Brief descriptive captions
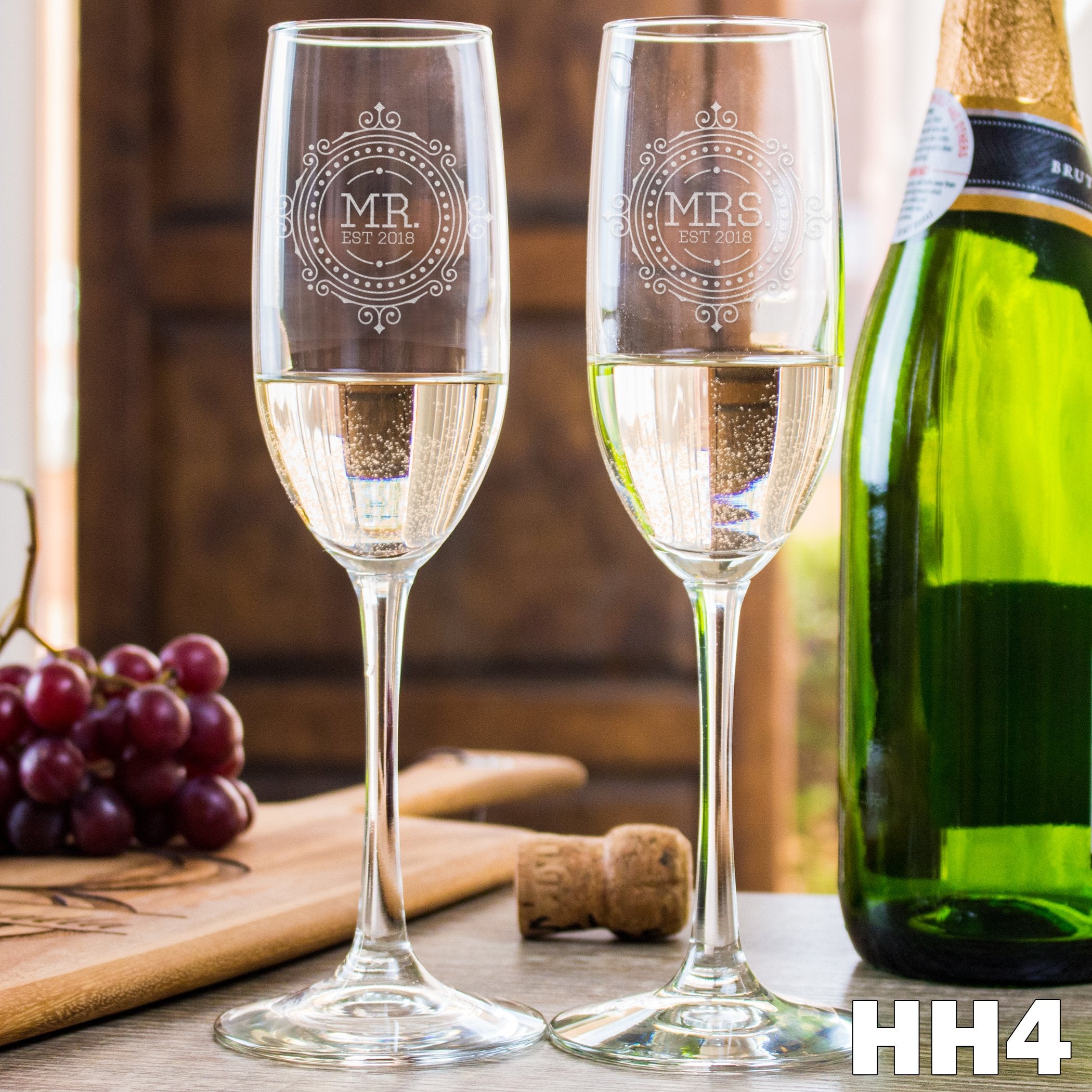 2 Champagne Glass Set - Design: HH4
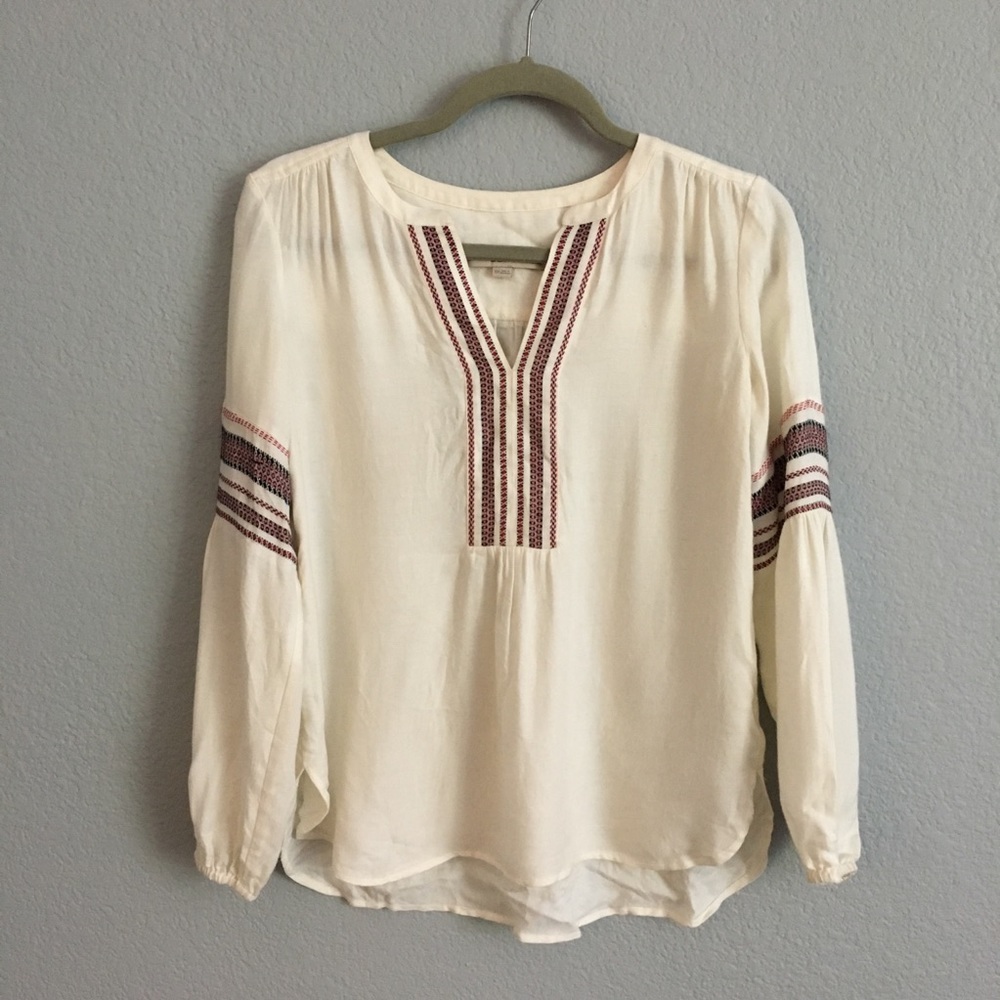 Peasant blouse with ribbon embroidery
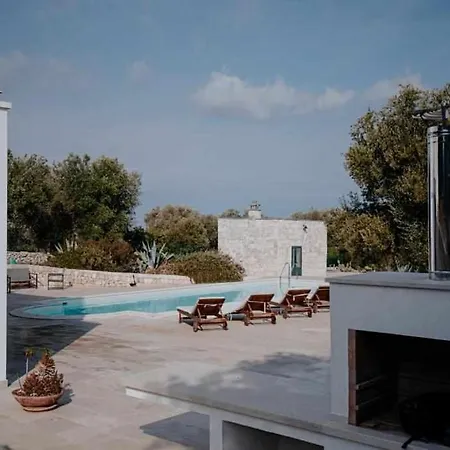 Tenuta Matilda By Tripostuni Villa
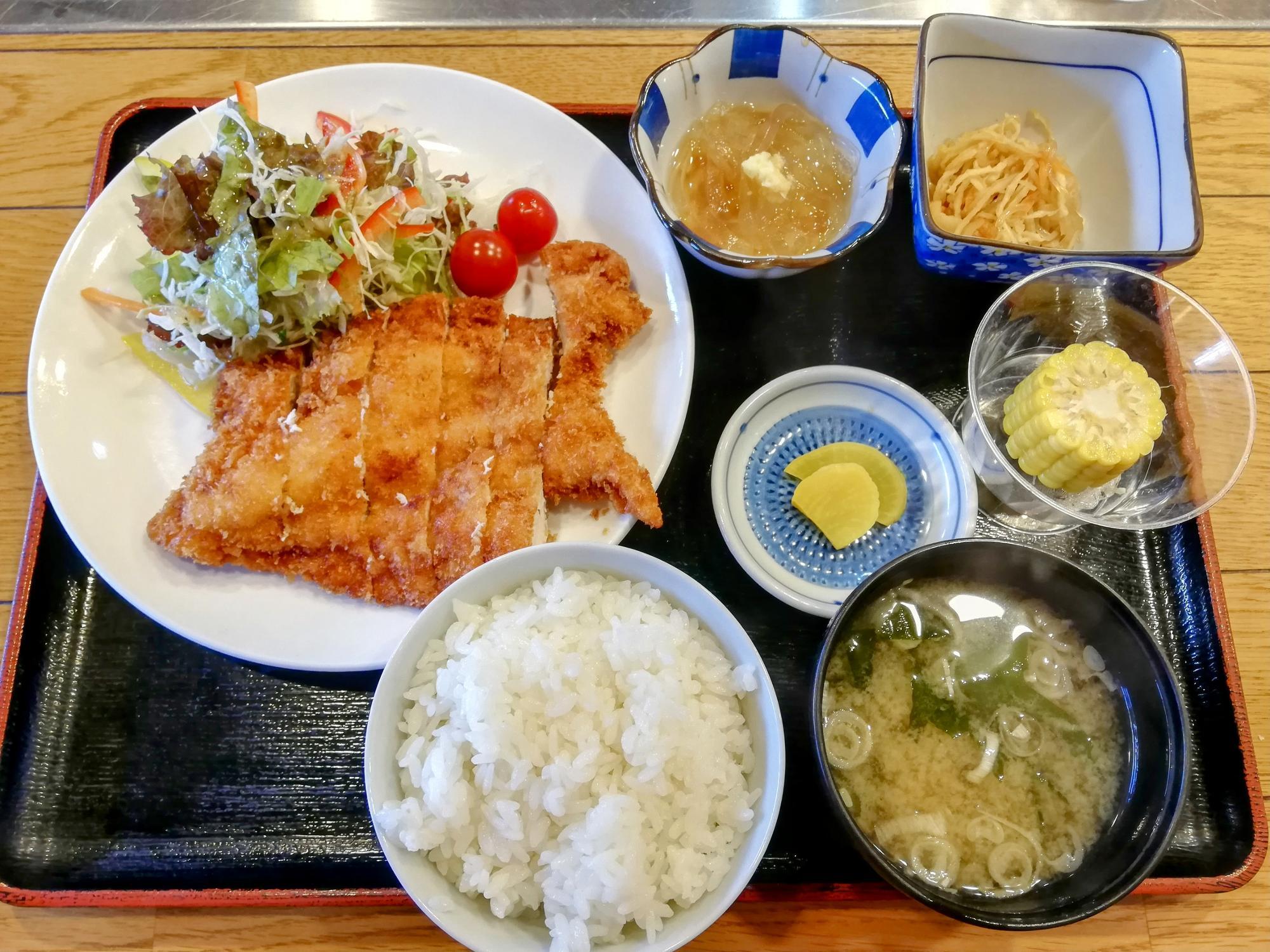 日替わりのチキンカツ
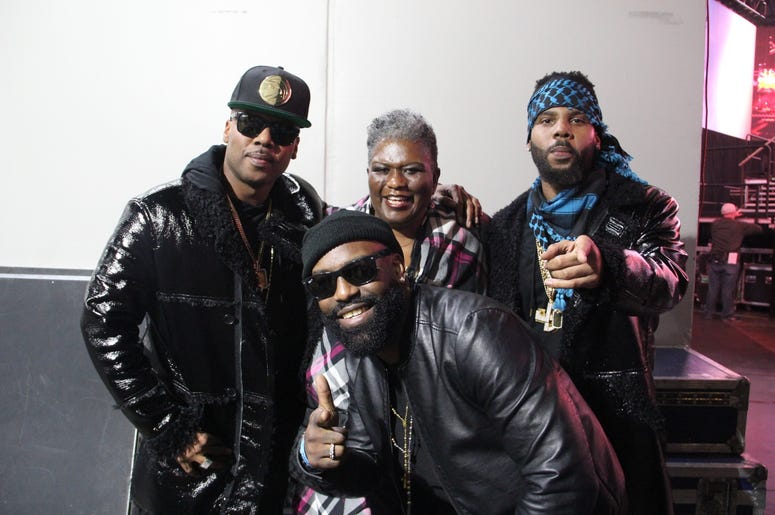 Jagged Edge and Joyce Littel backstage at V-103 Winterfest 2018 Jagged Edge and Joyce Littel backstage at V-103 Winterfest 2018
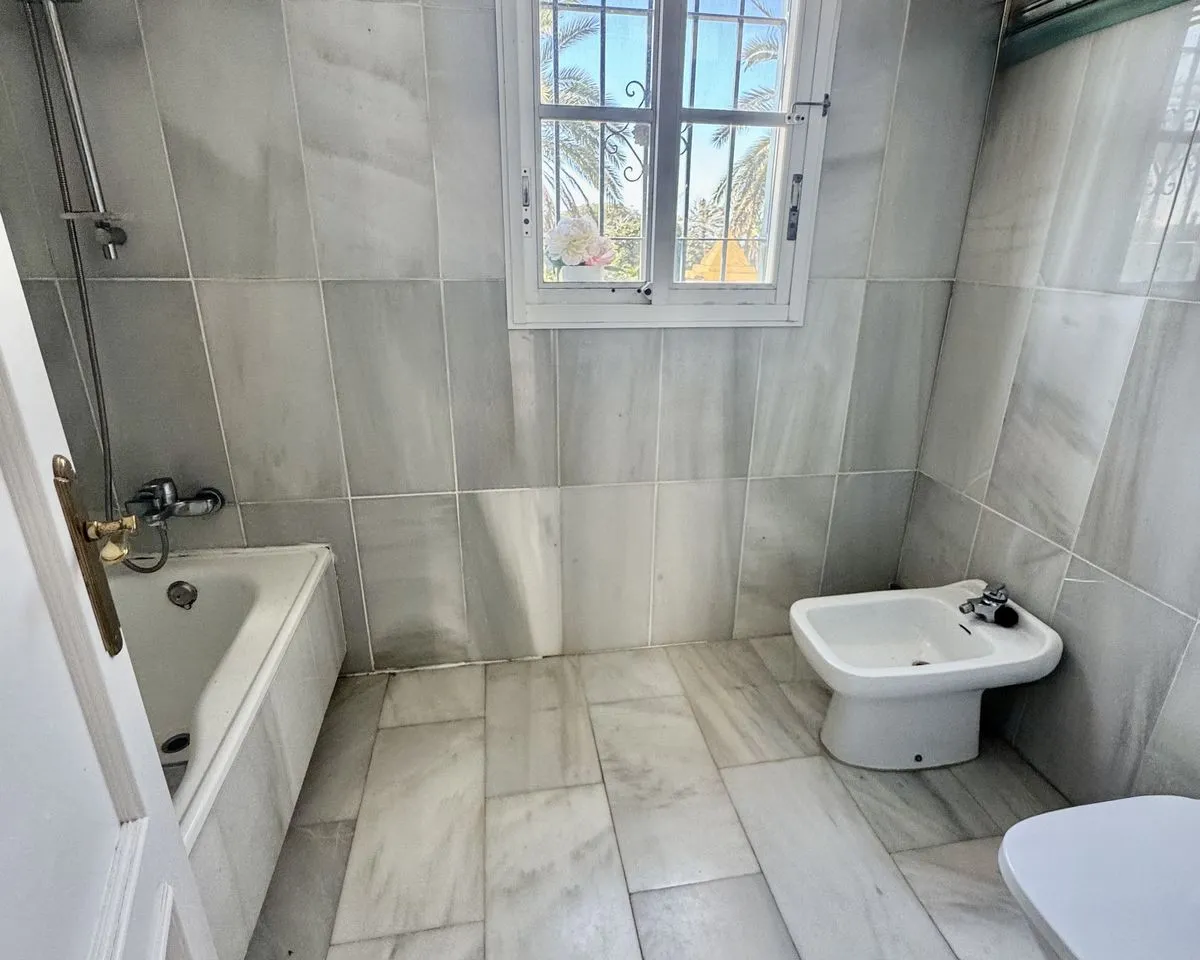 1dd08a92-6733-4838-9c18-36817f778ac0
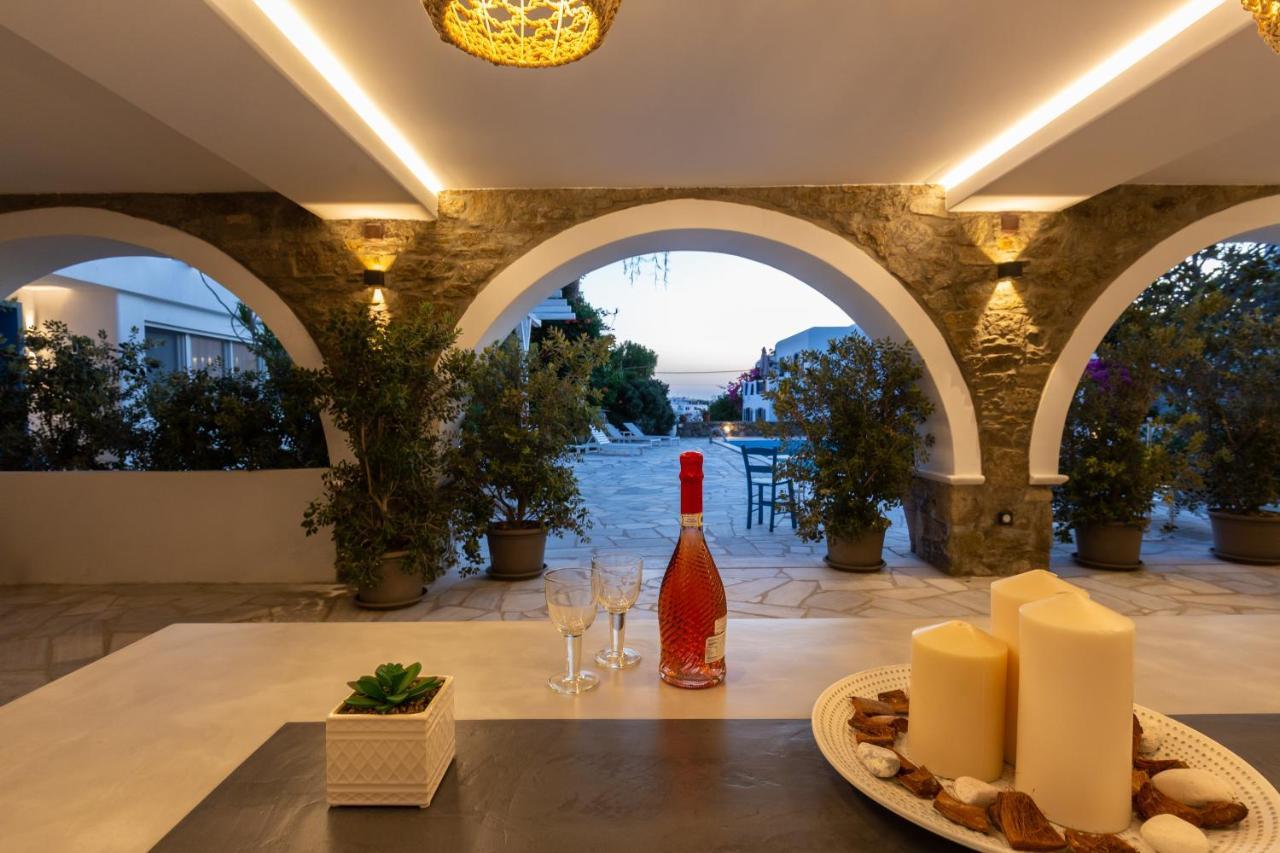 Callisti Mykonos Town With Pool View And Calypso Upper Floor With Sea View Exterior foto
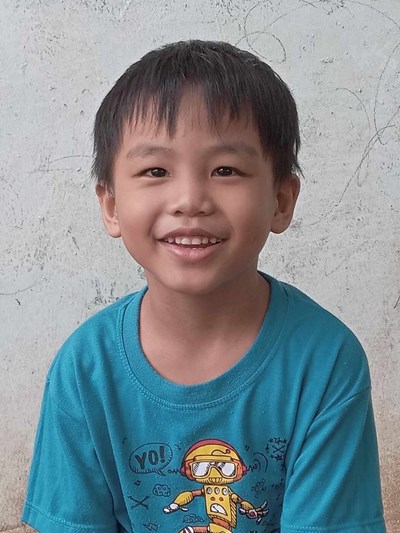 Help Emmanuel C. by becoming a child sponsor. Sponsoring a child is a rewarding and heartwarming experience.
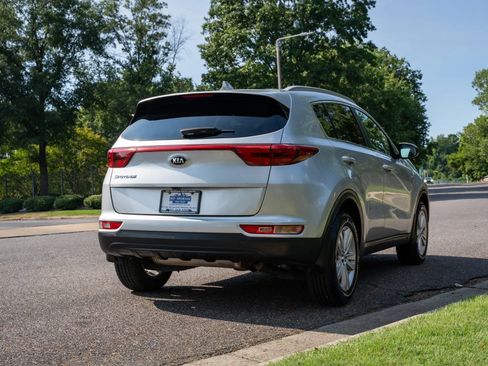 Used 2017 Kia Sportage LX w/ LX Popular Package AWD/4WD image 6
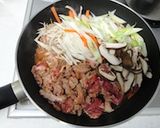 豚肉のすき焼き風山かけ丼作り方6写真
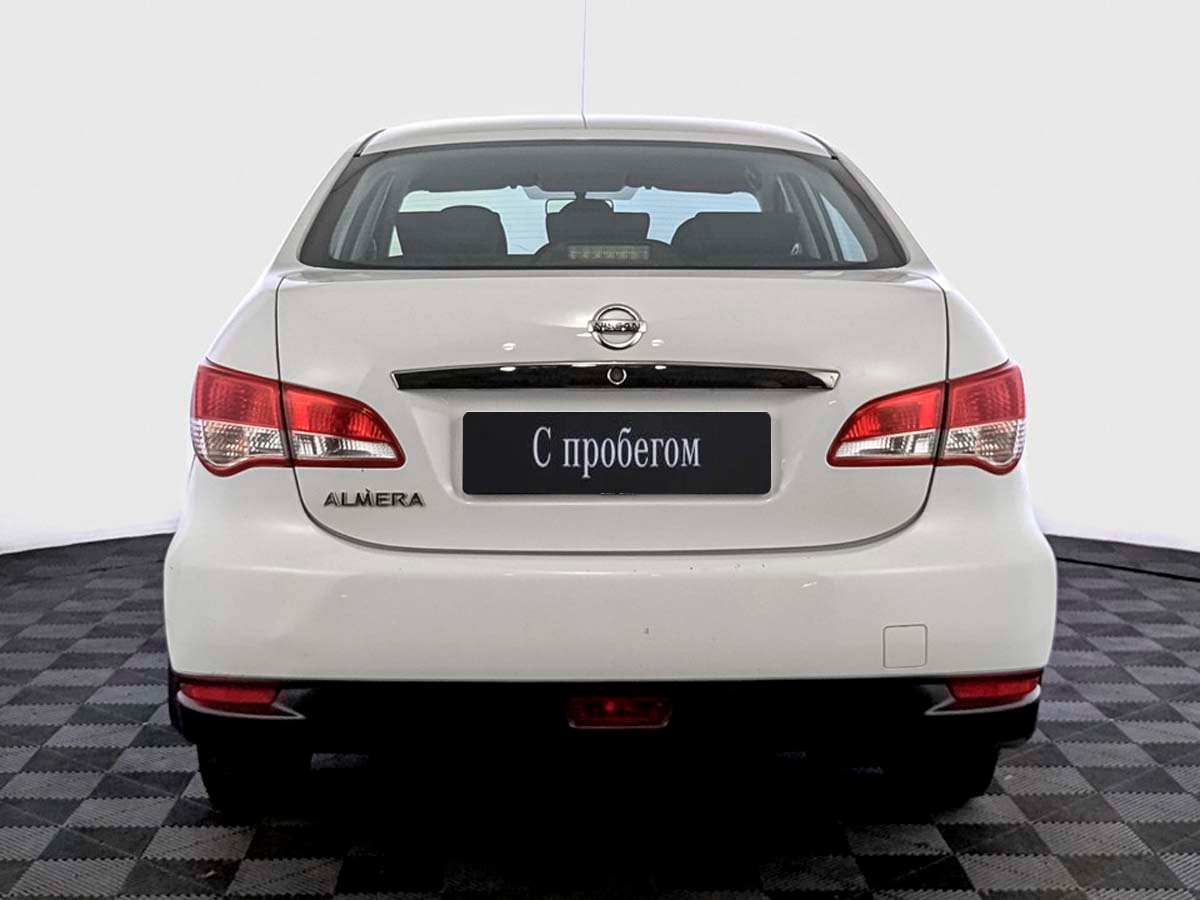 Nissan Almera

> _Exercise details_: Set down each entry above exactly as it appears. Omit the pictures.

> _Final answer_:
 2 Champagne Glass Set - Design: HH4
 Peasant blouse with ribbon embroidery
 Tenuta Matilda By Tripostuni Villa
 日替わりのチキンカツ
 Jagged Edge and Joyce Littel backstage at V-103 Winterfest 2018 Jagged Edge and Joyce Littel backstage at V-103 Winterfest 2018
 1dd08a92-6733-4838-9c18-36817f778ac0
 Callisti Mykonos Town With Pool View And Calypso Upper Floor With Sea View Exterior foto
 Help Emmanuel C. by becoming a child sponsor. Sponsoring a child is a rewarding and heartwarming experience.
 Used 2017 Kia Sportage LX w/ LX Popular Package AWD/4WD image 6
 豚肉のすき焼き風山かけ丼作り方6写真
 Nissan Almera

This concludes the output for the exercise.